For some time I had noticed the peace, serenity and sense of security that pervaded the lives of my two brothers: one ten years my senior, the other eight years. The war seemed incidental to them. As we brothers shared a bedroom (when we were not in the air-raid shelter) I saw them kneel by their beds every morning and evening and spend some time reading the Bible and praying.
I was very upset when I learned that my elder brother, now a soldier, was to be posted to Malaya. Before he left, he gently spoke to me about what death meant when one knew Jesus personally. He simply was not afraid to die! My other brother spoke in similar terms when his turn came to join the army.

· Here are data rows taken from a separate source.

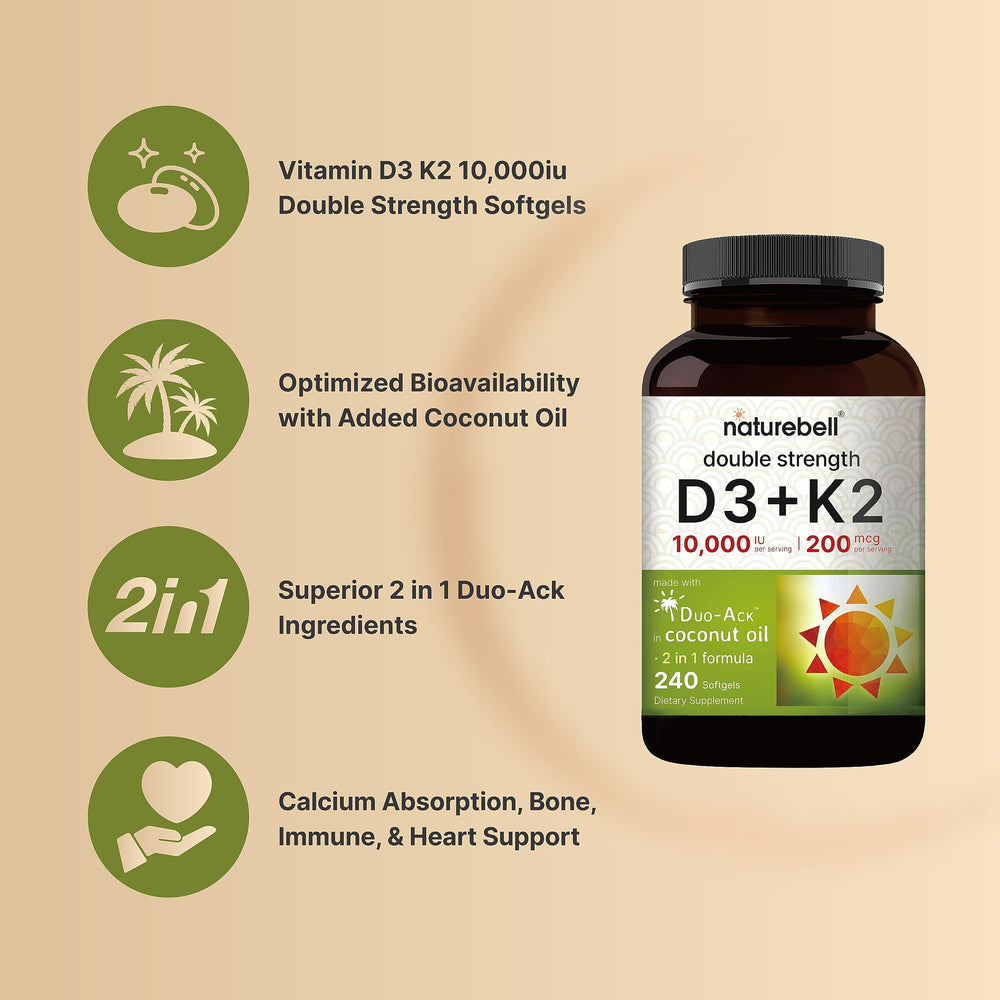 Close-up of NatureBell D3 K2 softgels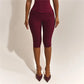 Elegant Women Floral Embossed Lace Capri Leggings High Waist Slim Stretch Knee Cropped Pants Solid Daily Casual Bottoms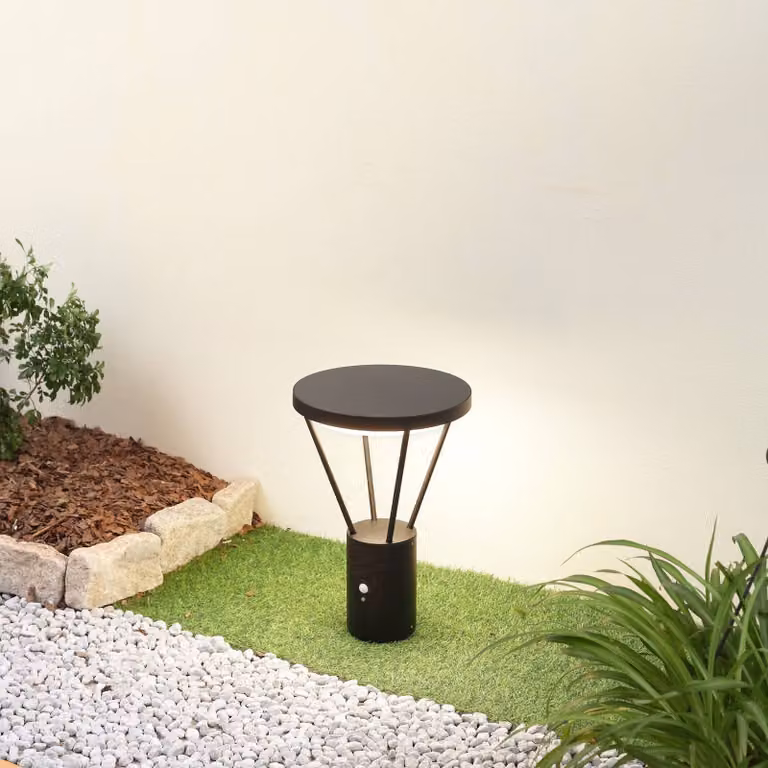 Lampioncino LED e solare Lucande Elario, 44 cm, nero, con sensore Elario, Nero, Alluminio, Moderno, Lampade solari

One night in 1945 I asked Jesus to make Himself known to me in a way I could understand.
Nothing appeared to happen for some weeks and I even forgot about my prayer until I realised I was no longer afraid. My fears and timidity were replaced with a healthy hunger for sport and the outdoors but…..
Two years later I attended an evangelistic rally in London. The speaker explained what sin was and the need for repentance. So far I had just enjoyed my new-found freedom from fear and thanked God for it but had no concept of what Jesus had done on the cross in dealing with my sin, nor of my indebtedness to Him. It had been a very one-sided relationship!
That night I committed the rest of my life to Christ and was told by the kindly gentleman who counselled me that I must be prepared for some surprises if I was really serious about living for Jesus.
At that point in my life I was “football mad”. When on my holidays in Devon I would train at Torquay United’s ground, and I was already on the books at White Hart Lane as a possible junior with Tottenham Hotspur. Suddenly I experienced the first “surprise”: my devotion to football disappeared. Rather to my consternation, flying came into my life as another surprise! - I was awarded a Flying Scholarship through the Air Training Corps and I subsequently gained my Private Pilot’s Licence whilst still only eighteen years old. This paved the way for me to train as a pilot in the Royal Air Force and I was to prove this to be God’s “calling” for the time being.
To be a Christian in a barrack room, crew room and officers’ mess was no easy thing but I had the joy of seeing some of my colleagues come into a personal relationship with Christ in the same way as I had seen many boys converted in my latter days at the Purley County Grammar School. I still have contact with some, 65 years later!
I have proved Christ to be real and all-sufficient, not only in my professional life but in my family life. I have been married to the most wonderful lady who I met on my first Sunday in the Royal Air Force in 1954 and we celebrated our Diamond Wedding in 2017. We have four children who have all come to know Christ for themselves, married Christian spouses and have established homes in which Jesus is central. Our fourteen grandchildren have also come to know Him and, those who are married, all have Christian spouses. We are now praying that our fourteen great grand children will also come to know Him, early in their lives, and will be His true soldiers and servants.
In these days of broken marriages broken homes, broken relationships and broken personalities, my family and I have found Jesus to be all He said He would be to those who follow Him. “I am come that you may have life more abundant. I am come that your joy may be full”. In spite of serious illnesses, hospital operations, enforced separation, danger, failures and disappointments, I have found, in everyday life, the words of 2 Corinthians 12: 9 to be true:
“My Grace is sufficient for you, for My strength is made perfect in weakness”
[Ron’s full autobiography, entitled “Below Me, the Clouds” was produced by Upward & Onward Publishers in October 2011. General the Lord Richard Dannatt GCB, CBE, MC, DL, President of the Soldiers’ and Airmen’s Scripture Readers’ Association, kindly wrote the Foreword.]